A formula for query cost

Suppose I am a human with some kind of question that can be answered. I know AI could potentially help me with this question, but I wonder if it’s worth it or if I should not use it at all. To help with this we can quantify the risk associated with any potential method of answering the question:

$$\mathrm{Risk}_\mathrm{AI} = \mathrm{Cost(query)} + (1 - P(\mathrm{success})) \cdot \mathrm{Cost(bad)}$$

That is, the risk of using any particular method is the cost associated with the method plus the cost of the consequences of a bad answer multiplied by the probability of failure. Here ‘Cost’ is a highly multidimensional object, which can consist of but is not limited to: time, money, environmental impact, ethical concerns, etc.

In a lot of cases however we don’t have to blindly trust the answer, and we can verify it.
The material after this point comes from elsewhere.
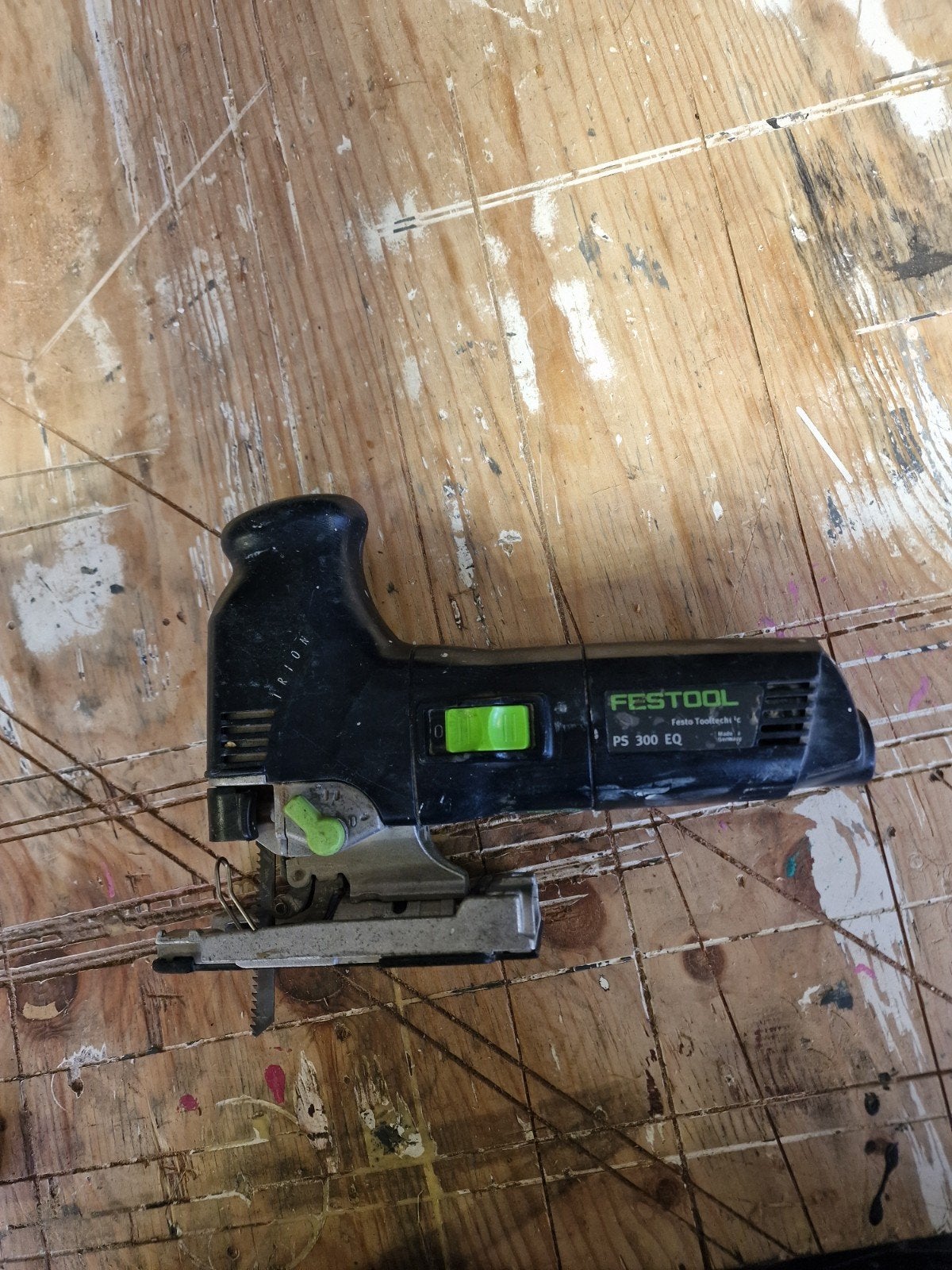 Festool decoupeerzaag, Ophalen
In these cases the consequence of a bad answer is that you’re left in the exact same scenario before trying, except knowing that the AI is of no use. In some scenarios when the AI is non-deterministic it might be worth it to try again as well, but let’s assume for now that you’d have to switch method. In this case the risk is:

$$\mathrm{Risk}_\mathrm{AI} = \mathrm{Cost(query)} + \mathrm{Cost(verify)} + (1 - P(\mathrm{success})) \cdot {\mathrm{Risk}}_\mathrm{Other}$$

The cost of a query is usually fairly fixed and known, and although verification cost can vary drastically from task to task, I’d argue that in most cases the cost of verification is also fairly predictable and known. This makes the risk formula applicable in a lot of scenarios, if you have a good idea of the chance of success. The latter, however, can usually only be established empirically, so for one-shot queries without having done any similar queries in the past it can be hard to evaluate whether trying AI is a good idea before doing so.

There is one more expansion to the formula I’d like to make before we can look at some examples, and that is to the definition of a successful answer:

$$P(\mathrm{success}) = P(\mathrm{correct} \cap \mathrm{relevant})$$

I define a successful answer as one that is both correct and relevant. For example “1 + 1 = 2” might be a correct answer, but irrelevant if we asked about anything else. Relevance is always subjective, but often the correctness of an answer is as well - I’m not assuming here that all questions are about objective facts.

Cheap and effective AI queries

Because AIs are fallible, usually the biggest cost is in fact the time needed for a human to verify the answer as correct and relevant (or the cost of consequences if left unverified). However, I’ve noticed a real asymmetry between these two properties when it comes to AIs:

AIs often give incorrect answers. Worse, they will do so confidently, forcing you to waste time checking their answer instead of them simply stating that they don’t know for sure.
AIs almost never give irrelevant answers. If I ask about cheese, the probability a modern AI starts talking about cars is very low.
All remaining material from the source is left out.